Friday, May 29, 2009

The Inflection Point?

The economists and traders around the world are engaged in the debate whether its a bear market rally, or the markets have actually turned around. The doom sayers are leaving no-stone to make everyone believe that their time under the sun hasn't finished. Whereas, the investors and money managers around are world are jumping to buy at every opportunity.

Its very difficult to say as of now which way the markets are headed. The short term momentum is certainly on the long side, but the valuations are getting costlier by the day. And unless the economy and earnings show a quick turnaround, we may see an over-heated stock market.

S&P has stayed close to 900 range for a few weeks now, and it has failed to break on the either side. There is good consolidation happening around this range, we may see a decisive move in either side very soon. If one is long vol, it may be a better idea to hedge less frequently as markets may be trending in one direction from here. I would expect S&P to be either below 800 levels or over 1000 levels by the end of June.

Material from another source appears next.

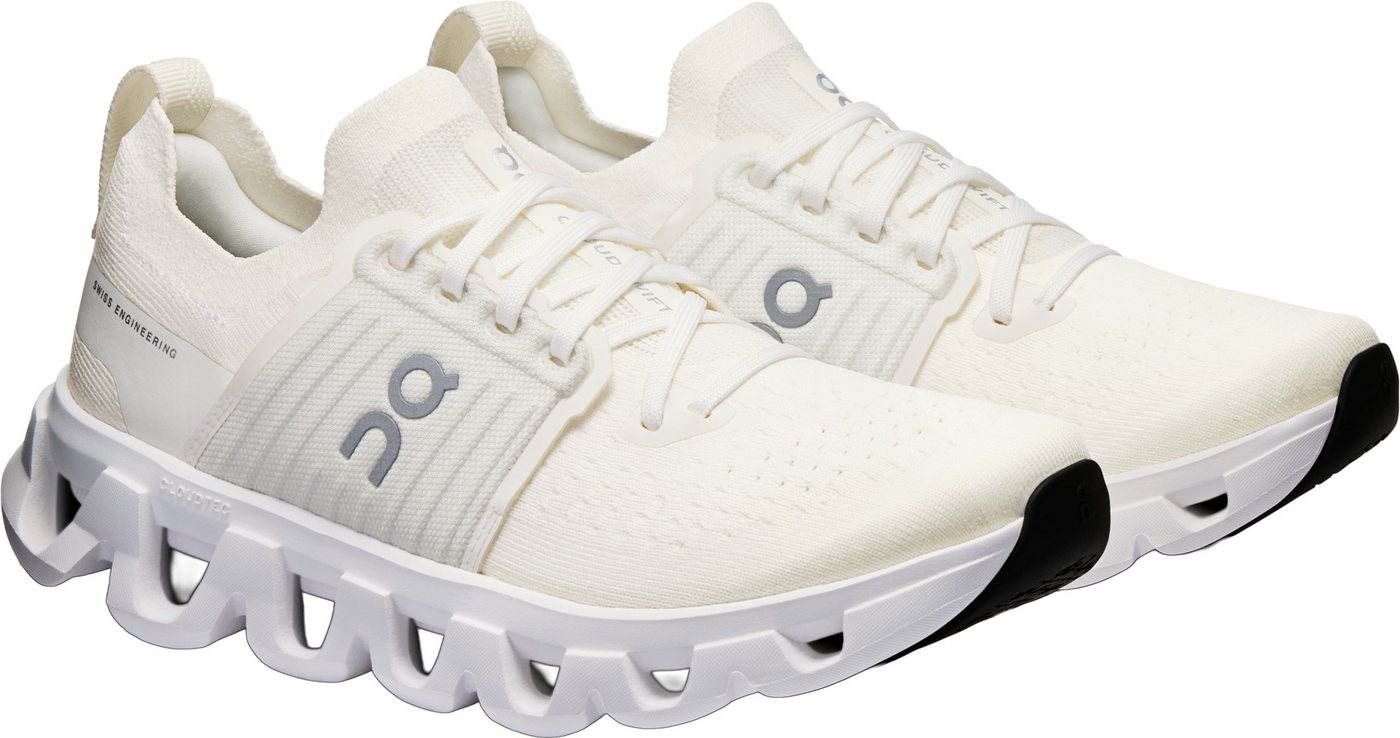ON RUNNING ON Cloudswift 4 Laufschuhe Laufschuh Bild 2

VIX also has been staying close to its 30 support levels, and even though it the breached it for a couple of days, it has failed to remain below the range for a longer period. We may see a gradual move up in volatility in the coming days, and I would rather be long vols at these levels.

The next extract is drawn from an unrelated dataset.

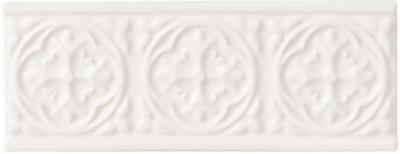 Напольная плитка ADEX STUDIO RELIEVE PALM BEACH BAMBOO 7,5x19,8 
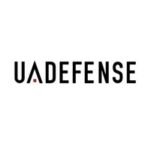 uadef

Nifty has been playing around in the 4200-4500 range now, and contrary to all the initial expectations, markets haven't yet broken below the levels reached after the 'Super Monday'. Shorts have been cleared in the system, and the futures premium has jumped to high levels. Might seem silly to say, but I don't think markets are going to cross 4600-4700 range in the near term. With budget around the corner, long term investors would shy away from committing large funds.

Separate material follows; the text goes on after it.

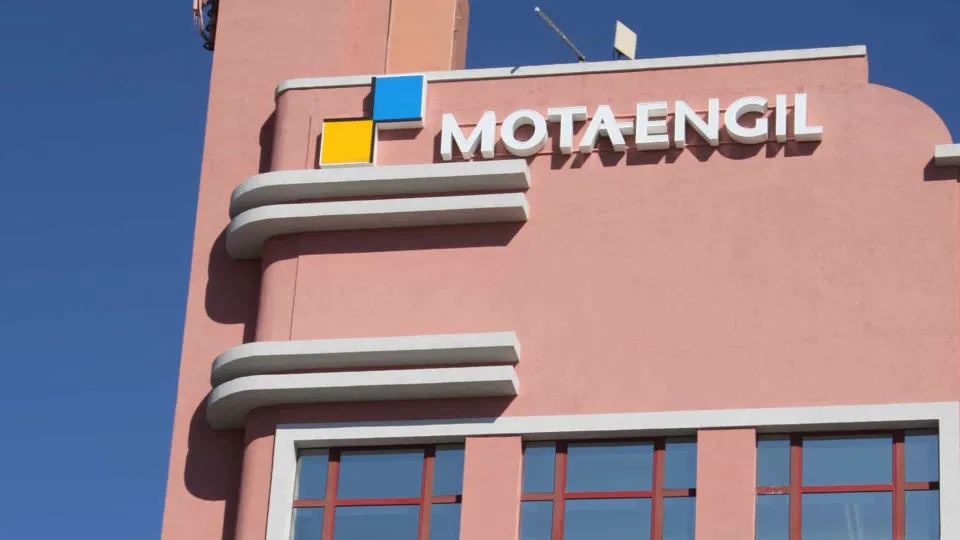 Notícias ao Minuto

EUR and GBP have been gaining against the USD, and last I saw, EUR was trading at 1.41 levels. Somehow, I am not very bullish on the Eurozone, and think the currency would depreciate. US economy in the shambles, and with General Motors filing for bankruptcy, another chapter in the US economic history comes to an end. However, I don't think EUR or GBP are the alternatives for the future.

Gold has been climbing for over a month now, and is trading close to 950 levels (mostly on the back of USD weakness). Oil has also been moving up, and is currently at 65. If the Oil keeps climbing, and moves into the 80+ zone, we may all be back to square one.

Tuesday, May 19, 2009

Market View: Gone in 60 secs

Election results came out on the weekend, and all the remaining bears in the market were brutally squeezed by the rising euphoria. We saw the first ever up-circuit in the market, and in less than 60 seconds, BSE sensex had risen by more than 2100 points.

Everything has changed in the markets, and FII continues to pump in billions into the markets. As things stand, we may be in for a long up move. There is a big gap in the market, and a lot of people have completely missed this rally.

Like someone said, one shouldn't worry too much about a single day's move. The trick is just to survive to see another day.

Thursday, May 14, 2009

Market View: May 2009

Markets world-wide have seen the mother of all rallys in the past 7-8 weeks, and all across stocks have risen by anywhere between 30-100%. Nifty has moved from its 2700-2800 levels to 3600+ levels!!!

The big turnaround has been led by good financial results (in a system oozing with liquidity, that should have been expected), and some aggressive moves by the fed and treasury officials in US. Everyone could see the 'green shoots' in the economy in the form of falling unemploment numbers, rising output levels, rising retail sales, etc. And the result was an almost angry rally, wiping out all the 'nay-sayers'.

As we stand at the present, everything is up, and lot of people have shifted from the bear-camp to the bull-camp. March was scary as everyone (including me) was giving lower and lower target levels for the Nifty (with people quoting figures as low as 1200!!!). Now there is greater sanity in the market, and there is a suitable opposition to all the gloom-and-doom predicators.

S&P has been flirting with the 900 levels for whole of this week, and after breaking it, has come down again. If it breaks above 900 once more, a move towards 1000 is highly possible. However, if it fails to break it in in another week or so, then we may see the return of blood on the street.

Gold surprisingly has been going up even during this rally, and is currently at 925 levels. With all this bullishness, I would have expected gold to trade at sub-800 levels. So, there is a correction due in atleast one of the markets.

Credit markets have been improving, and JPM Emerging Market index is now at 500 levels. Still much above the pre-Lehman times, but this has improved considerably from its 800-levels seen in October'08.

My view on the Indian Market is that we may see this rally continue till 4000 levels. Unless something goes really wrong worldwide, we may see everything moving up. Elections, which have been the talk of the tinsel town over the past couple of months, may turn out to be a non-event. Either the NDA, or UPA could be making the parliament, and who amongst the two noone gives a damn.

EUR has surprisingly out-performed against USD, and has climbed to 1.35+ levels. However, I still believe its a ticking time-bomb, and might turn out to be very difficult to diffuse (unless the central banks round the world keep pumping liquidity into the system).